What is expected: Find the line with "Sauder 5 Tier" in the data below. Repeat it and every line after it up to the end, exactly, but drop the pictures.
________________
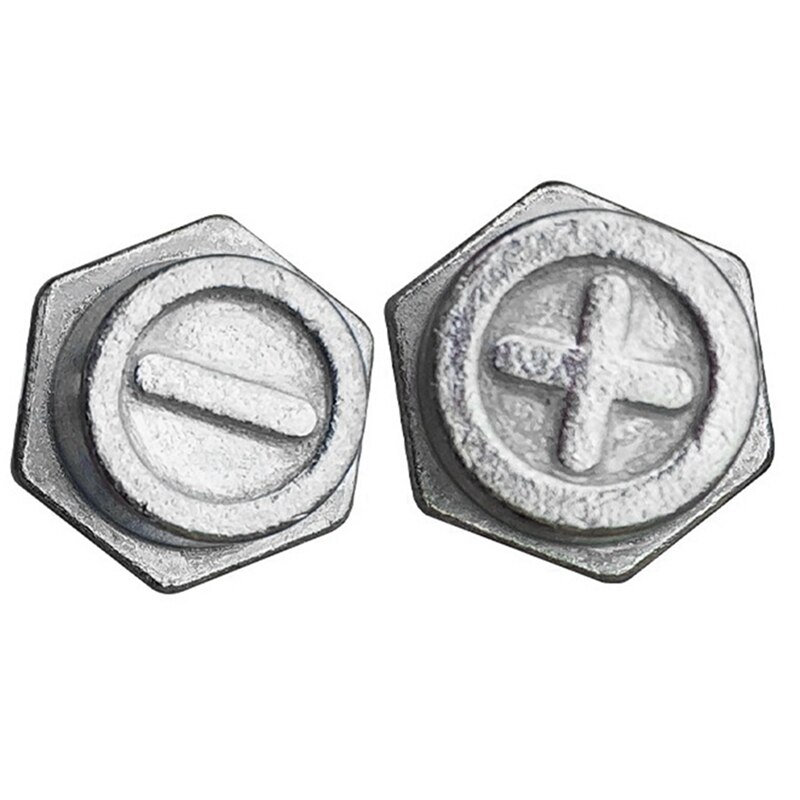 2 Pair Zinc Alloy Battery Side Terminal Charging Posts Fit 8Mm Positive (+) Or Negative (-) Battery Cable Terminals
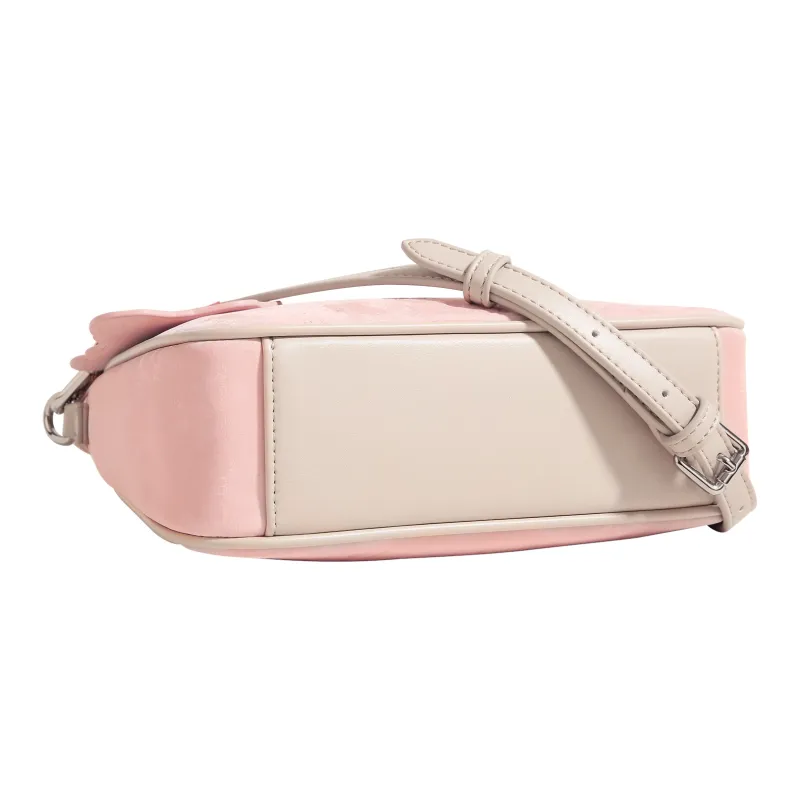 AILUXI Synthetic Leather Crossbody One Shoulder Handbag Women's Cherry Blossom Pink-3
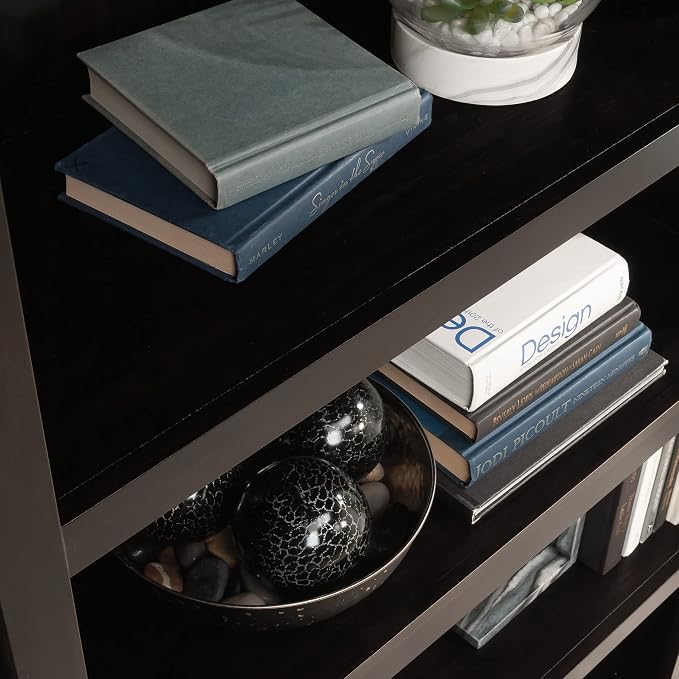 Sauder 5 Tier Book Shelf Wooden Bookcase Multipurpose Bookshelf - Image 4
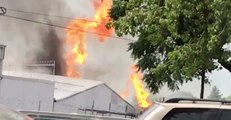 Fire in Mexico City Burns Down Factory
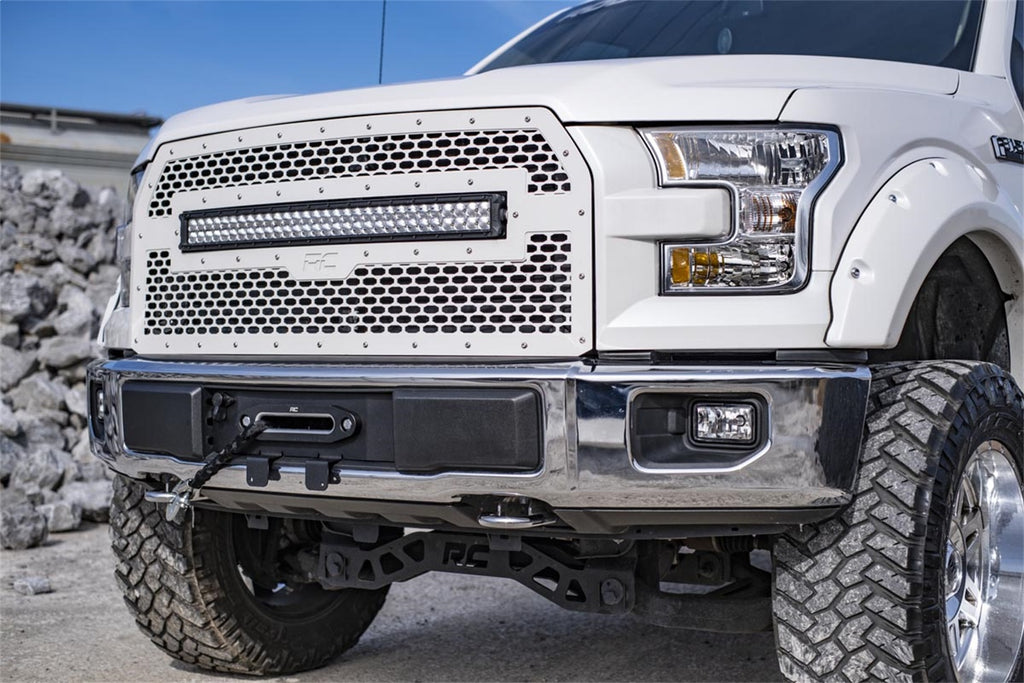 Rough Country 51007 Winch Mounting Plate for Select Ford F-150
________________
Response box:
 Sauder 5 Tier Book Shelf Wooden Bookcase Multipurpose Bookshelf - Image 4
 Fire in Mexico City Burns Down Factory
 Rough Country 51007 Winch Mounting Plate for Select Ford F-150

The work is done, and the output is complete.